* **Directions for this task**: Retype all of the entries precisely.

* **Extracted data**:
+ + + +

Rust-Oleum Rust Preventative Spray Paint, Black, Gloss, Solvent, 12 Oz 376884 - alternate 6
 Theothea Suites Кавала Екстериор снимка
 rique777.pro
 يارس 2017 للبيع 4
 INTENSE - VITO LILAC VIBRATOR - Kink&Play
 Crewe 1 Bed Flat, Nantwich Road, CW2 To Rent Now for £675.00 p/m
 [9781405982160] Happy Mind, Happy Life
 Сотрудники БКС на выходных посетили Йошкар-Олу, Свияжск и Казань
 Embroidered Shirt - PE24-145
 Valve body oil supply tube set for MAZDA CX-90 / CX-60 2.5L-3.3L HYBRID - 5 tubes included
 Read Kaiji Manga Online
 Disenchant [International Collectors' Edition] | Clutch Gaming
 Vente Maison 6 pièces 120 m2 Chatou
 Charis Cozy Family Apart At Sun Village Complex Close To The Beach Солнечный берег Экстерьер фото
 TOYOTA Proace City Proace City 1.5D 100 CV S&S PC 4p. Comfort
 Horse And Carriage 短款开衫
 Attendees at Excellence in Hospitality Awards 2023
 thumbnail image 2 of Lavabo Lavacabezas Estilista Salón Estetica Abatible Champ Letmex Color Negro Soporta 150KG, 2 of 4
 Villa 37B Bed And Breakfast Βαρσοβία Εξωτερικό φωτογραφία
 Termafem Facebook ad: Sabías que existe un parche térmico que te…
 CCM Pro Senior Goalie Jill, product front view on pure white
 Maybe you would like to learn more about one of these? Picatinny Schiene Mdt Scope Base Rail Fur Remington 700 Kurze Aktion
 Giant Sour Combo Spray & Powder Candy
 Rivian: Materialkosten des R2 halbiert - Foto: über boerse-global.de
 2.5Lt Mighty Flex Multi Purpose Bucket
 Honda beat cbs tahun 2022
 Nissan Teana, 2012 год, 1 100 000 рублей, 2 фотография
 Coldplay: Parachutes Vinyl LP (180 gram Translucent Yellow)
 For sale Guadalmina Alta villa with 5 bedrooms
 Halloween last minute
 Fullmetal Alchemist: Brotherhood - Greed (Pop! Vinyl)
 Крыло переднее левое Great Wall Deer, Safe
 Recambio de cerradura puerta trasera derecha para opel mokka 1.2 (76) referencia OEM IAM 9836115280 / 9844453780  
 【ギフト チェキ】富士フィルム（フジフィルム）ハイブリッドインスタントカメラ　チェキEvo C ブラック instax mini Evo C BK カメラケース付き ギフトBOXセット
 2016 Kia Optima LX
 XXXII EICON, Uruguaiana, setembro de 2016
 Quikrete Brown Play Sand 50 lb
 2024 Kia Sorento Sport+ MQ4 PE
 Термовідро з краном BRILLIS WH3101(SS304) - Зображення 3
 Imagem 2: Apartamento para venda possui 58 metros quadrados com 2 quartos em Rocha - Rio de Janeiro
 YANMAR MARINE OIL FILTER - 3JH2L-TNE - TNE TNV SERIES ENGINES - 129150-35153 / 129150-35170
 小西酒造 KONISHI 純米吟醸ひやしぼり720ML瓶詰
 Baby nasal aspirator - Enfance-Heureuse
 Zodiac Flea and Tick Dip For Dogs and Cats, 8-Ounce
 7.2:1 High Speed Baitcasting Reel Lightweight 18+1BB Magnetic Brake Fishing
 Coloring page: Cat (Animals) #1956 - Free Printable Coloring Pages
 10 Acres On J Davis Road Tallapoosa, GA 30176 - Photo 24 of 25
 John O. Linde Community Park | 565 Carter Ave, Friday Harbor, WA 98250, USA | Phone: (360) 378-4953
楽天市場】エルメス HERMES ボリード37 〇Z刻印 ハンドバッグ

+ + + +

* **Written solution**:
Rust-Oleum Rust Preventative Spray Paint, Black, Gloss, Solvent, 12 Oz 376884 - alternate 6
 Theothea Suites Кавала Екстериор снимка
 rique777.pro
 يارس 2017 للبيع 4
 INTENSE - VITO LILAC VIBRATOR - Kink&Play
 Crewe 1 Bed Flat, Nantwich Road, CW2 To Rent Now for £675.00 p/m
 [9781405982160] Happy Mind, Happy Life
 Сотрудники БКС на выходных посетили Йошкар-Олу, Свияжск и Казань
 Embroidered Shirt - PE24-145
 Valve body oil supply tube set for MAZDA CX-90 / CX-60 2.5L-3.3L HYBRID - 5 tubes included
 Read Kaiji Manga Online
 Disenchant [International Collectors' Edition] | Clutch Gaming
 Vente Maison 6 pièces 120 m2 Chatou
 Charis Cozy Family Apart At Sun Village Complex Close To The Beach Солнечный берег Экстерьер фото
 TOYOTA Proace City Proace City 1.5D 100 CV S&S PC 4p. Comfort
 Horse And Carriage 短款开衫
 Attendees at Excellence in Hospitality Awards 2023
 thumbnail image 2 of Lavabo Lavacabezas Estilista Salón Estetica Abatible Champ Letmex Color Negro Soporta 150KG, 2 of 4
 Villa 37B Bed And Breakfast Βαρσοβία Εξωτερικό φωτογραφία
 Termafem Facebook ad: Sabías que existe un parche térmico que te…
 CCM Pro Senior Goalie Jill, product front view on pure white
 Maybe you would like to learn more about one of these? Picatinny Schiene Mdt Scope Base Rail Fur Remington 700 Kurze Aktion
 Giant Sour Combo Spray & Powder Candy
 Rivian: Materialkosten des R2 halbiert - Foto: über boerse-global.de
 2.5Lt Mighty Flex Multi Purpose Bucket
 Honda beat cbs tahun 2022
 Nissan Teana, 2012 год, 1 100 000 рублей, 2 фотография
 Coldplay: Parachutes Vinyl LP (180 gram Translucent Yellow)
 For sale Guadalmina Alta villa with 5 bedrooms
 Halloween last minute
 Fullmetal Alchemist: Brotherhood - Greed (Pop! Vinyl)
 Крыло переднее левое Great Wall Deer, Safe
 Recambio de cerradura puerta trasera derecha para opel mokka 1.2 (76) referencia OEM IAM 9836115280 / 9844453780  
 【ギフト チェキ】富士フィルム（フジフィルム）ハイブリッドインスタントカメラ　チェキEvo C ブラック instax mini Evo C BK カメラケース付き ギフトBOXセット
 2016 Kia Optima LX
 XXXII EICON, Uruguaiana, setembro de 2016
 Quikrete Brown Play Sand 50 lb
 2024 Kia Sorento Sport+ MQ4 PE
 Термовідро з краном BRILLIS WH3101(SS304) - Зображення 3
 Imagem 2: Apartamento para venda possui 58 metros quadrados com 2 quartos em Rocha - Rio de Janeiro
 YANMAR MARINE OIL FILTER - 3JH2L-TNE - TNE TNV SERIES ENGINES - 129150-35153 / 129150-35170
 小西酒造 KONISHI 純米吟醸ひやしぼり720ML瓶詰
 Baby nasal aspirator - Enfance-Heureuse
 Zodiac Flea and Tick Dip For Dogs and Cats, 8-Ounce
 7.2:1 High Speed Baitcasting Reel Lightweight 18+1BB Magnetic Brake Fishing
 Coloring page: Cat (Animals) #1956 - Free Printable Coloring Pages
 10 Acres On J Davis Road Tallapoosa, GA 30176 - Photo 24 of 25
 John O. Linde Community Park | 565 Carter Ave, Friday Harbor, WA 98250, USA | Phone: (360) 378-4953
楽天市場】エルメス HERMES ボリード37 〇Z刻印 ハンドバッグ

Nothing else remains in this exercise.